MADRID (Reuters) - Spain on Monday halted for the second time in less than a year the auction of nationalised lender Catalunya Banc after offers fell short of the government's expectations.
The suspension of the sale is a blow to Spain's hopes of progressing quickly with the clean-up of its financial sector, laid low by a five-year-old property market crash, although it has until the end of 2016 to get the bank off its hands under a deal with its European partners.
Only two banks, top player Banco Santander SA and Banco Popular Espanol SA , presented non-binding offers for the rescued Catalan lender, two sources with knowledge of the process said.
A third, Banco de Sabadell SA , registered its interest, but without formalising its offer, a third source said, while BBVA SA , which had said it was studying a bid, did not present an offer, according to one of the first two sources.
"Two entities, Santander (Madrid: SAN.MC - news) and Popular (NasdaqGS: BPOP - news) , showed an interest, but it fell short of our objective of maximising the value for the taxpayer and we believe there may be better formulas," one of the sources said.
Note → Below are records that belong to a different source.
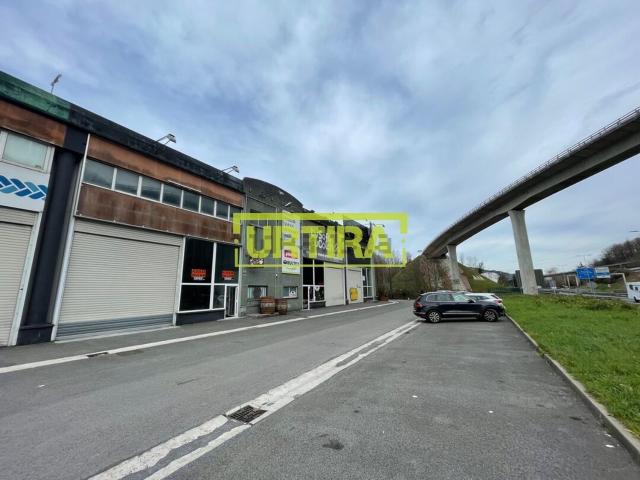 Nave en venta en Villabona, Guipúzcoa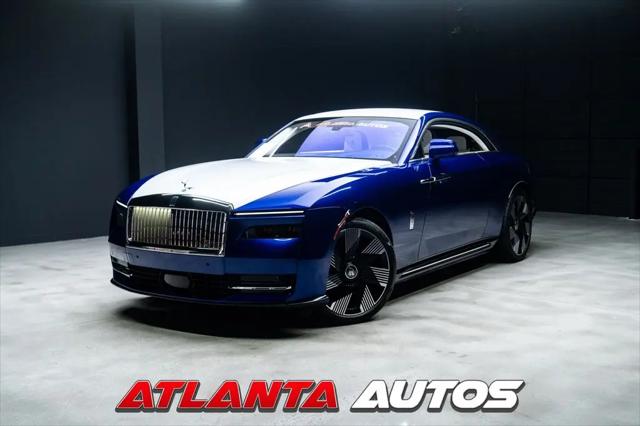 2024 Rolls-Royce CT Spectre for sale in Marietta, GA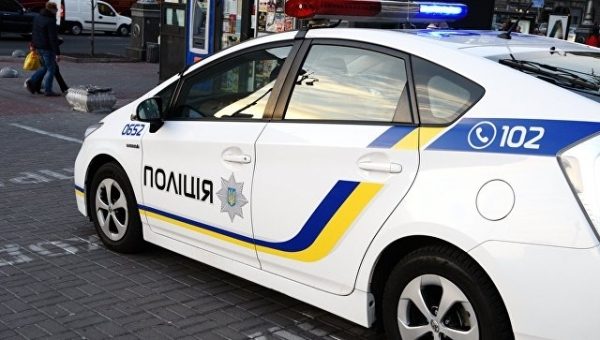 В центре Одессы обстреляли автомобиль местного депутата от “Батькивщины”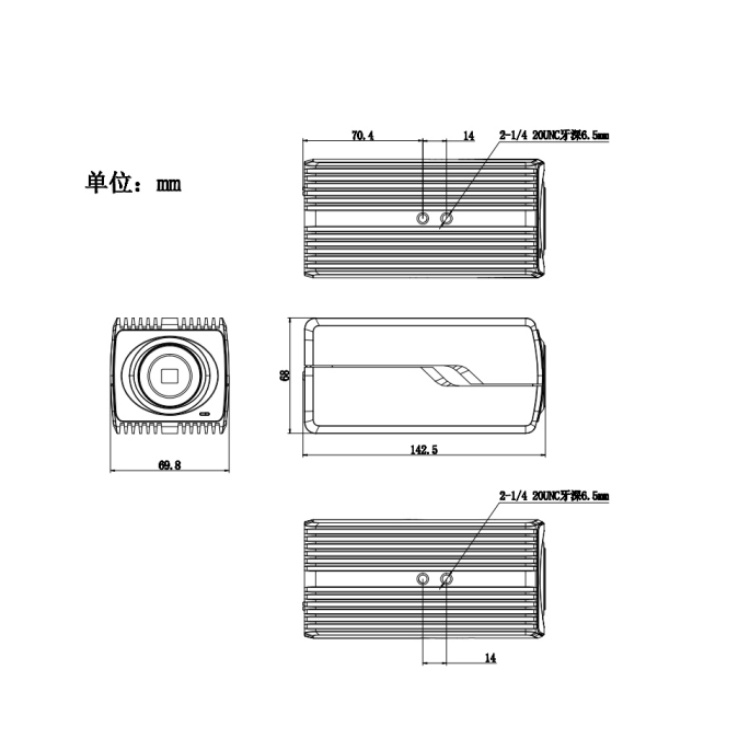 DS-2CD7047EWD-ANMFC(D)尺寸图.jpg DS-2CD7047EWD-ANMFC(D)尺寸图.jpg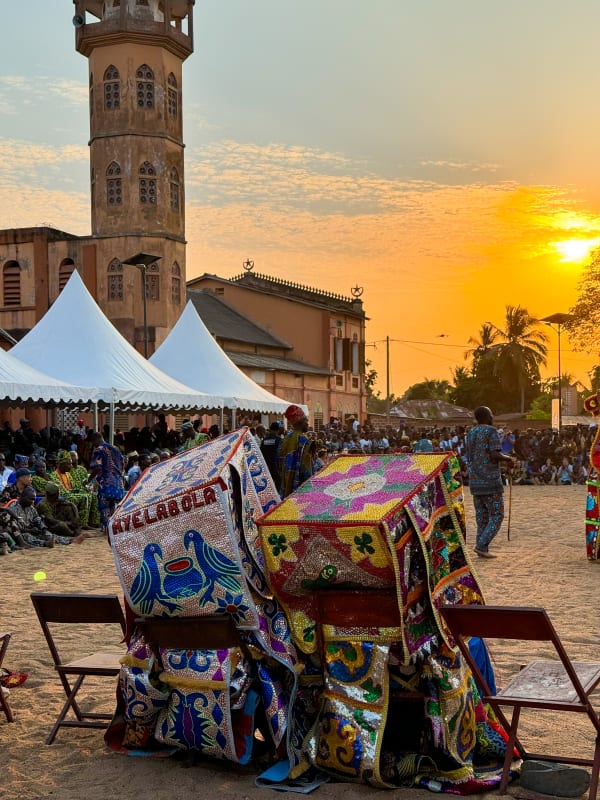 Benin's Vodun Festival 2026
Spain's Economy Ministry and the four lenders mentioned in the process declined to comment.
The first round of the auction, which had been due to close at the end of last week, was extended until later on Monday, but it was still not enough to save the process.
Spain interrupted the bank's sale last year when it began negotiating a rescue of up to 100 billion euros (86 billion pounds) from Europe for its ailing lenders. It began auctioning off the bank again in early 2013 and had hoped this sale would pave the way for more disposals of bailed out lenders, including NCG Banco, also known as NovaCaixaGalicia.
MINIMIZING THE COST
But several sources close to the process said one major sticking point was the government's refusal to include an asset protection scheme with the sale, which would shield prospective buyers from future losses at the expense of the state.
While previous disposals of state-rescued lenders included such a scheme, Catalunya Banc has been fully recapitalised and moved its rotten real estate assets to a so-called 'bad bank' set up by the government, leading the state to try to auction the lender without protection.
The lender also has one of the biggest market shares in the relatively wealthy region of Catalonia, adding to its attraction for healthy banks keen to expand in Spain.
A Spanish government source told Reuters last week that the FROB would not be rushed into selling the bank because it believed it now had good value and that it would rather call off the auction than sell it at a bad price.
In a statement released on Monday, the FROB - the restructuring fund through which the government owns the bank - said Catalunya Banc was now solid and solvent and that it had until the end of 2016 to sell it.
"The FROB therefore has enough time to look for the best options for Catalunya Banc in order to minimize the cost for the taxpayer," it added.